How a liquidity crunch is formed
The reserve requirement ratio has become a historical anachronism in the U.S. and the historical function played by bank reserves has been replaced and expanded by the notion of "bank capital" instead.
However, reserve requirement ratios are high and alive in developing countries like China.
Source: Chinese reserve requirement ratios
Since bank lending has been growing rapidly in China, this requires an ever-growing amount of reserves, which the central bank has usually supplied through open market operations (which somewhat validates the endogenous theory of money).
But what if the central bank refuses to supply reserves? This would normally be unthinkable as it would choke off credit and adversely impact economic growth. Yet that's what happened in June, creating a tremendous shock for the markets. This was amplified by rumors of an interbank default, which increased the demand for extra reserves from each bank (so they could avoid potential default and the stigma associated with such). The widespread association that we saw in June with "economic crisis", "bubble bursting" and "going to hell in a handbasket" does not explain the phenomenon very well. Essentially, the phenomenon boils down to a central bank unwilling to provide the amount of reserves the banking system needs.
Why the liquidity crunch formed
More important than how is why. Why would policymakers deliberately choke banks of reserves?
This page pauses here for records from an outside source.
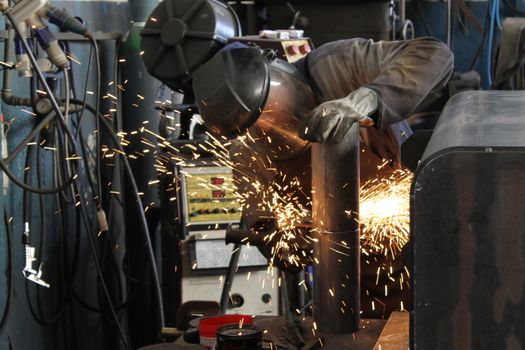 craftsman with working gloves cutting an iron bar with the electric angle grinder which sprays many hot sparks in the dark workshop, dangerous work, copy space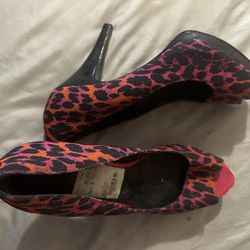 10 Pink/black/orange heels Make offer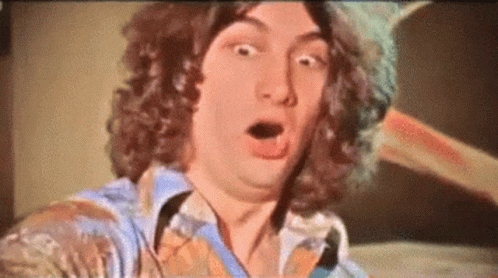A Man With Curly Hair Is Making A Surprised Face With His Mouth Open GIF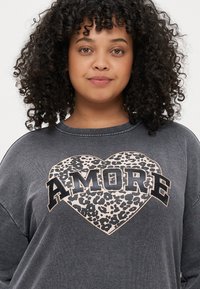 Sweatshirt cinza com um decote arredondado; apresenta uma grafismo de coração com padrão de leopardo com "AMORE" em letras pretas em destaque. Cabelo encaracolado emoldurando o rosto.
Normally they wouldn't, as economic and credit growth are highly sought after by policymakers all over the world these days. But it is becoming ever more evident that something needs to be done to reform China's financial system because anyone with some foresight can see the cliff is close ahead. The problem is, how do you shape market expectations in a way that gets people to go along with the reform program?
This is actually a very difficult issue. Issue a strongly-worded communique? People might debate the actual meaning and miss the point. Put limits on borrowing and/or order banks to slow down credit growth? While this might work, it'll take some time to filter through the economy and people will debate what the recent drop in bank lending was caused by or whether it was a random fluctuation. It also puts the onus of turbulence directly on the shoulders of policymakers. Moreover, if markets shrug off the actions and continue chugging along, policymakers lose credibility and prestige.
Interbank liquidity is on the other hand, the perfect tool to shape market expectations. The interbank loan rate could climb precipitous amounts in a matter of days, sending out a sharp signal that something is wrong and drastically changing market expectations. It also puts the onus of the turbulence on the banks ("they're the ones running out of money and defaulting") since few people really understand what's going on. Yet the feeling that something is wrong with the financial system and something needs to be done can be spread far and wide.
Interbank liquidity is also a valuable channel because it is deeply integrated into a banking system with high reserve requirement ratios. It is an accepted convention: no one can easily change it, no one knows what to change it into and it'll take years of lobbying and discussion to mold it into something else. So for the foreseeable future, policymakers can use this tool to leverage their position with banks.
Summary and Forecast
To sum up, a liquidity crunch in Chinese banks is caused by the central bank not supplying enough base money to meet banks' demands. The central bank does this to drastically shift market expectations in a manner that is conducive for reforms (which are desperately needed), yet affords it "plausible deniability". It is a powerful instrument in the central bank's toolkit.
Shibor rates are on the rise again after China's most recent pledge to reform. I believe a repeat of the June liquidity crunch will be seen and market participants are vastly underestimating the odds of such an event occurring. If the above analyses are correct though, another liquidity crunch is likely to be used to (1) shape market expectations that the old way of doing things is not working, (2) foster an environment conducive to reforms and (3) get banks to get on with the program.
Internationally, it will dampen optimism for emerging markets and provide yet another, if not decisive, headwind for currencies of weaker emerging markets (EEM). This will also have a ripple effect across different asset classes (SPY), which is beyond the scope of this article.
If Japan prints money on the 20th at the next Bank of Japan meeting, another wave of euphoria may take over the markets and smooth over any worries over Chinese interbank liquidity. But this is likely to strike soon, so at least some attention should be paid to the Shibor and Chinese stock indices (FXI).